(WSJ)Gold prices jumped to the highest levels in three months as a continued flight to safety by investors triggered so-called technical chart-based buying.
The price of the nearby January gold futures contract rose $37.10, or 4.3%, to $895.30 an ounce on the Comex division of the New York Mercantile Exchange, the highest settle since Oct. 8. The price of the most-active April contract rose $37.20, or 4.3%, to $897.70, after hitting as high as $905.50, the strongest level since Oct. 10.
"We're continuing to get what appears to be traditional flight-to-quality buying, even though the dollar continues to be strong," said Michael Gross, futures analyst with OptionSellers.com.
A stronger dollar typically pressures gold prices. But in the current environment, weakness in European currencies caused by troubles in the European banking sector is translating into buying of gold, said one trader.

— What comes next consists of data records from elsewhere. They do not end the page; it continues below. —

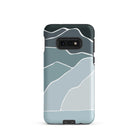 Overcast - Samsung Phone Case - Flay Cases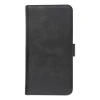 Univerzális fliptok COMMON méret L IPHONE 6 PLUS / 7 PLUS / 8 PLUS / XS MAX / 11 PRO MAX / SAMSUNG S20 FE / S21 FE / S10 PLUS / A10 / A32 / A54 / XIAOMI 12 LITE / HUAWEI P30 PRO fekete thumbnail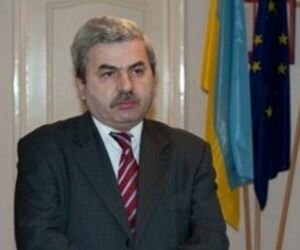 Порошенко назначил Мушку послом в Словакии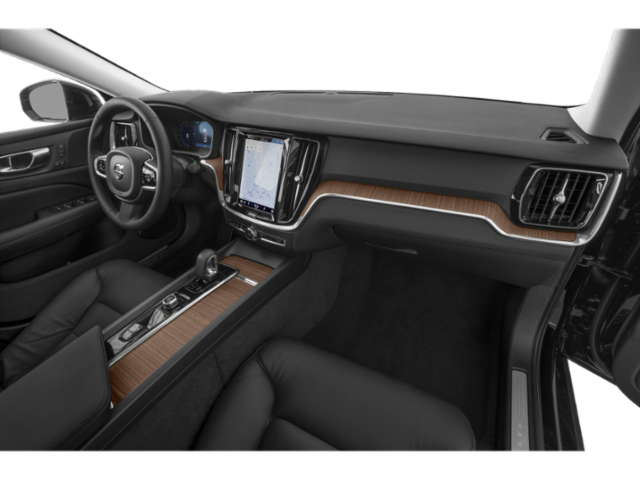Used 2024 GRAY Volvo Plus Dark Theme image 12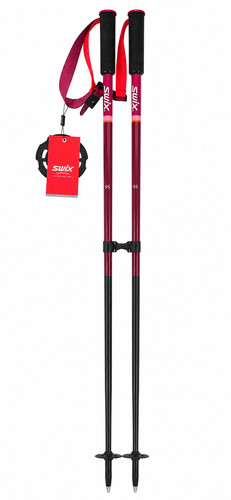 Swix ski poles - poles, the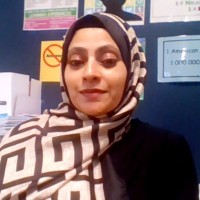 Shamaila Hussain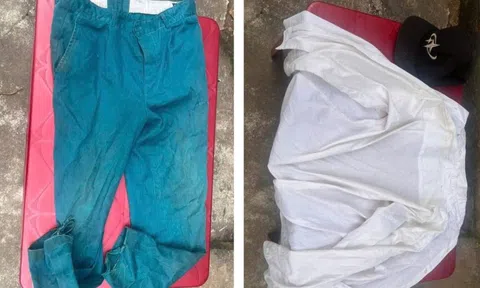 Danh tính người tử vong ven đường ở Lâm Đồng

"I think we're seeing people move into gold simply because they don't want to get caught in anything else," said Sterling Smith, vice president with FuturesOne. "If you want to be in dollars, you're either sitting on cash or very low-yielding instruments."
Bart Melek, commodity strategist with BMO Capital Markets, cited more flows into exchange-traded funds as an example of strong gold demand. Holdings backing the SPDR Gold Trust, the world's largest gold ETF, climbed 13.15 metric tons Thursday to a record 819.11 tons. A metric ton is equal to 2,204.62 pounds.
Momentum-based buying was triggered when gold accelerated through the 200-day moving average, an important technical-chart point, and broke above the late-December highs.
George Gero, vice president with RBC Capital Markets Global Futures, said some hedge-related selling from mining companies appeared to occur around $900, but this was overrun by investment demand and buying back of previously sold positions. He also cited speculative buying.
A key for gold may be what happens around $900, Mr. Smith said. The market had trouble maintaining momentum above that price in the fall.
Meanwhile, gold has shown a tendency to peak around roughly the third week of January, though last year it hit its record high in March, said John Person, president of NationalFutures.com.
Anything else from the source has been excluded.